Your instructions → Give again, exactly as written, the lines of the records below from the line with "王正良田梓墨行書個性簽名怎么寫" to the line with "Pendant Lighting 4". Both end lines count; pictures do not.

---- Information provided

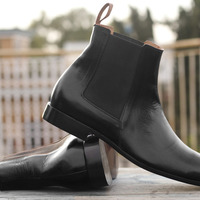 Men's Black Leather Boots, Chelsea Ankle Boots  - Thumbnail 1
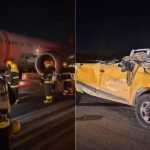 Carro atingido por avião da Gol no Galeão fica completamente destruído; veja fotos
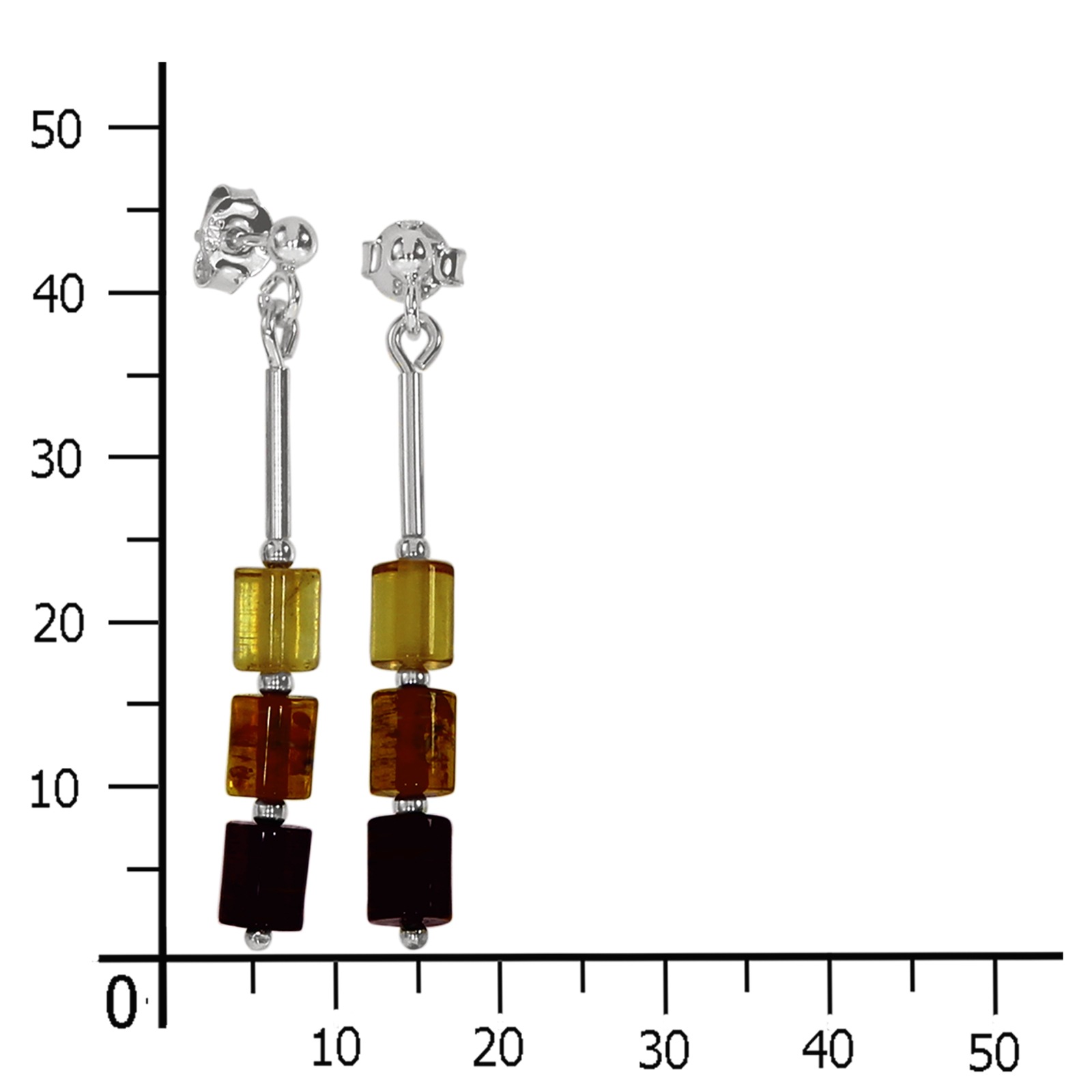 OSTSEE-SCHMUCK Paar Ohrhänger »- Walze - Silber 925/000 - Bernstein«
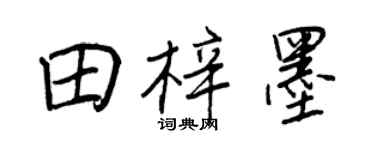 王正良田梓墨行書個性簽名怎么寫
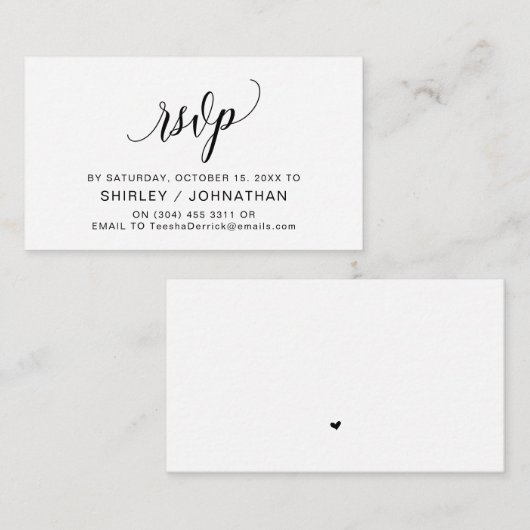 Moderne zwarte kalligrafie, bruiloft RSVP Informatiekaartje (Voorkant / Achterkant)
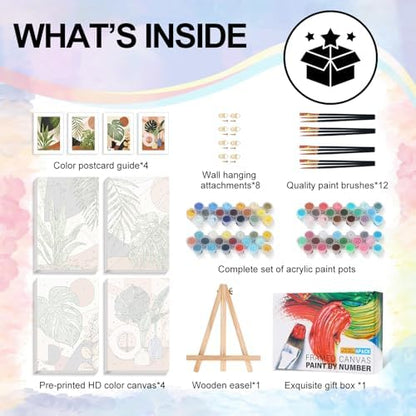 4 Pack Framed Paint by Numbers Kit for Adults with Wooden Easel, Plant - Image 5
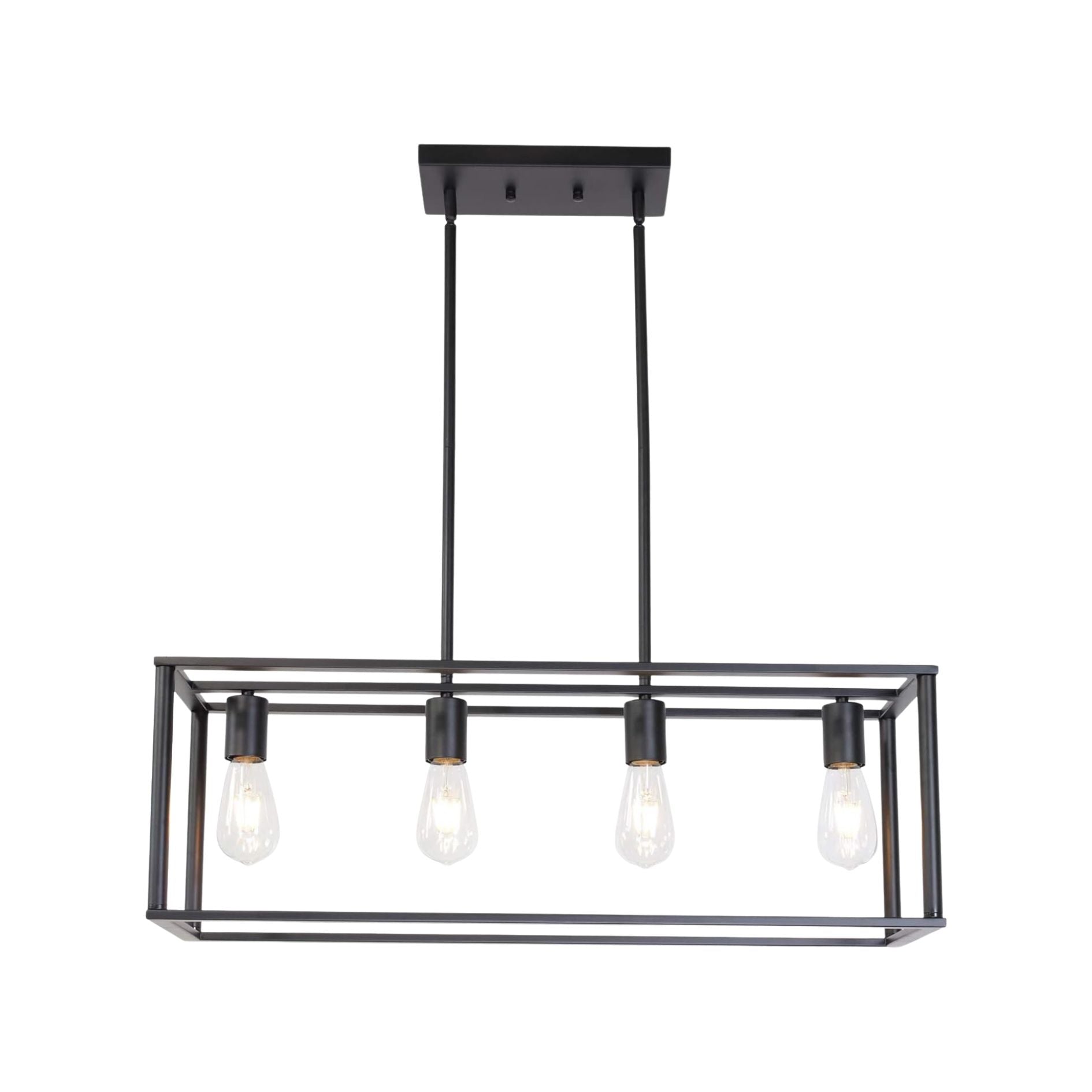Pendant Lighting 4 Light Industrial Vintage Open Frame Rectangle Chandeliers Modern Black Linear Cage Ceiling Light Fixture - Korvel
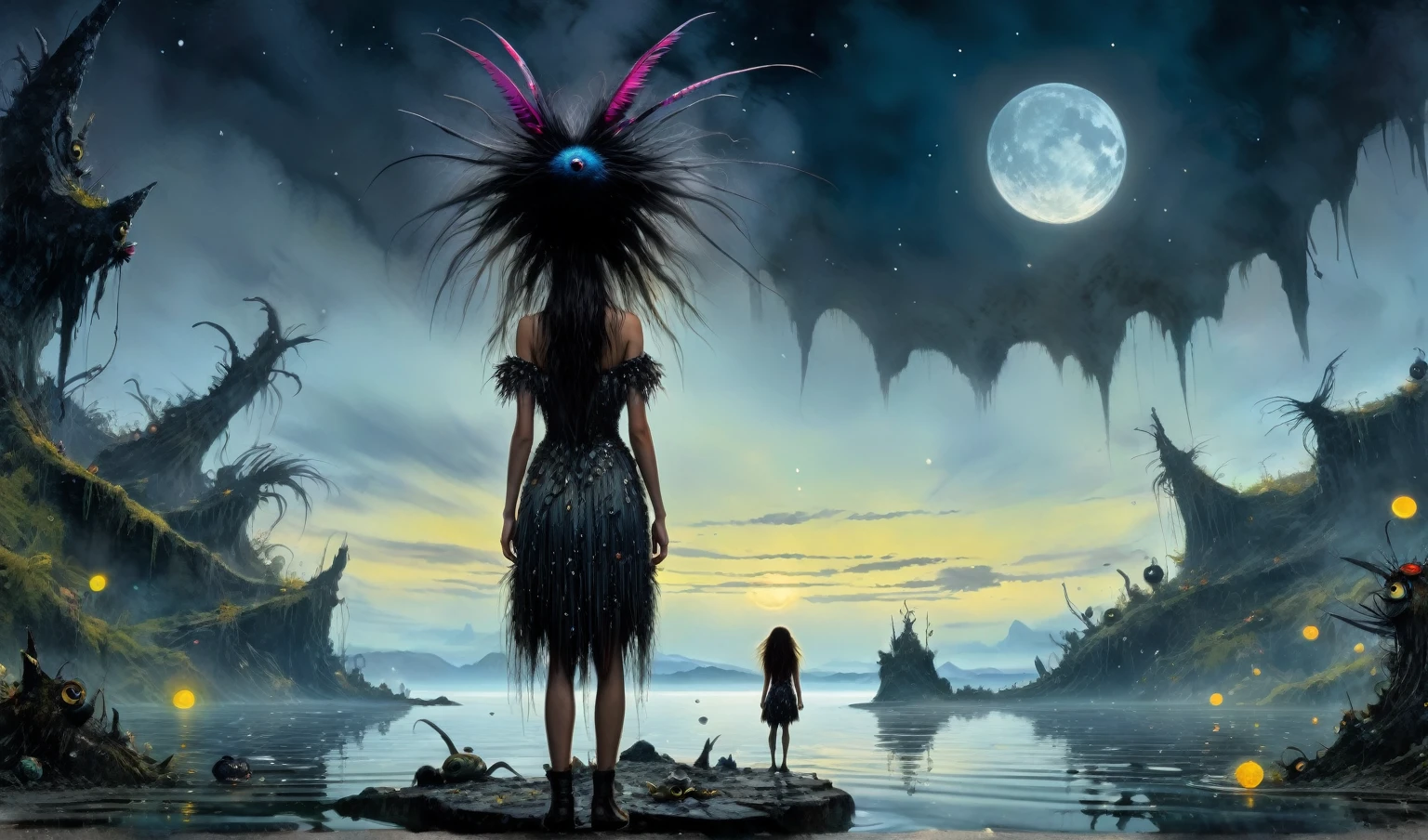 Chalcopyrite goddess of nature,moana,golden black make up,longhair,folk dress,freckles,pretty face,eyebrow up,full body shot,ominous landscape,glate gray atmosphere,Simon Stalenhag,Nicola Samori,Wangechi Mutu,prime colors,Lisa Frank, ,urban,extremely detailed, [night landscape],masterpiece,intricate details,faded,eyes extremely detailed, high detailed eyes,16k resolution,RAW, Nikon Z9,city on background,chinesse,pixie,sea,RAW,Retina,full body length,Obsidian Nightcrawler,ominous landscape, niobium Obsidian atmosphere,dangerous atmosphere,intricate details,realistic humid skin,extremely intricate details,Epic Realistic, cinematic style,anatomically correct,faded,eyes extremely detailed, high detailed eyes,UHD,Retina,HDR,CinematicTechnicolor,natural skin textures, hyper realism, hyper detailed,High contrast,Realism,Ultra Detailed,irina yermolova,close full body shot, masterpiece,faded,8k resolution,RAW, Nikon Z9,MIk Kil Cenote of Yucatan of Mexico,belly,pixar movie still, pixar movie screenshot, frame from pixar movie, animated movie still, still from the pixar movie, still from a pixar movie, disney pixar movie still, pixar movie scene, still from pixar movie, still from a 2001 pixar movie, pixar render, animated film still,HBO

--------

Solution to this problem →
 王正良田梓墨行書個性簽名怎么寫
 Moderne zwarte kalligrafie, bruiloft RSVP Informatiekaartje (Voorkant / Achterkant)
 4 Pack Framed Paint by Numbers Kit for Adults with Wooden Easel, Plant - Image 5
Pendant Lighting 4 Light Industrial Vintage Open Frame Rectangle Chandeliers Modern Black Linear Cage Ceiling Light Fixture - Korvel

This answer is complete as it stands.